─── INFORMATION
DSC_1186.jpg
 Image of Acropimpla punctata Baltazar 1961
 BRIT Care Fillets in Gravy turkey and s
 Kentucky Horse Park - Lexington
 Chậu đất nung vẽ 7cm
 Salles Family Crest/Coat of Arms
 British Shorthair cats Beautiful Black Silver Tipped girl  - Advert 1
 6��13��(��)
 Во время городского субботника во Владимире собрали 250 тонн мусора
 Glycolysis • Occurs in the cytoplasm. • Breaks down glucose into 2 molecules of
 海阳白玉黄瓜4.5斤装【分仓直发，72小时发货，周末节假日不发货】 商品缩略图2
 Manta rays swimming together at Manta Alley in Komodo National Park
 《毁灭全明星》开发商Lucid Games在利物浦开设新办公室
──────
(WORK REQUEST): Please restate each record exactly as it reads.

(EXPECTED ANSWER):
DSC_1186.jpg
 Image of Acropimpla punctata Baltazar 1961
 BRIT Care Fillets in Gravy turkey and s
 Kentucky Horse Park - Lexington
 Chậu đất nung vẽ 7cm
 Salles Family Crest/Coat of Arms
 British Shorthair cats Beautiful Black Silver Tipped girl  - Advert 1
 6��13��(��)
 Во время городского субботника во Владимире собрали 250 тонн мусора
 Glycolysis • Occurs in the cytoplasm. • Breaks down glucose into 2 molecules of
 海阳白玉黄瓜4.5斤装【分仓直发，72小时发货，周末节假日不发货】 商品缩略图2
 Manta rays swimming together at Manta Alley in Komodo National Park
 《毁灭全明星》开发商Lucid Games在利物浦开设新办公室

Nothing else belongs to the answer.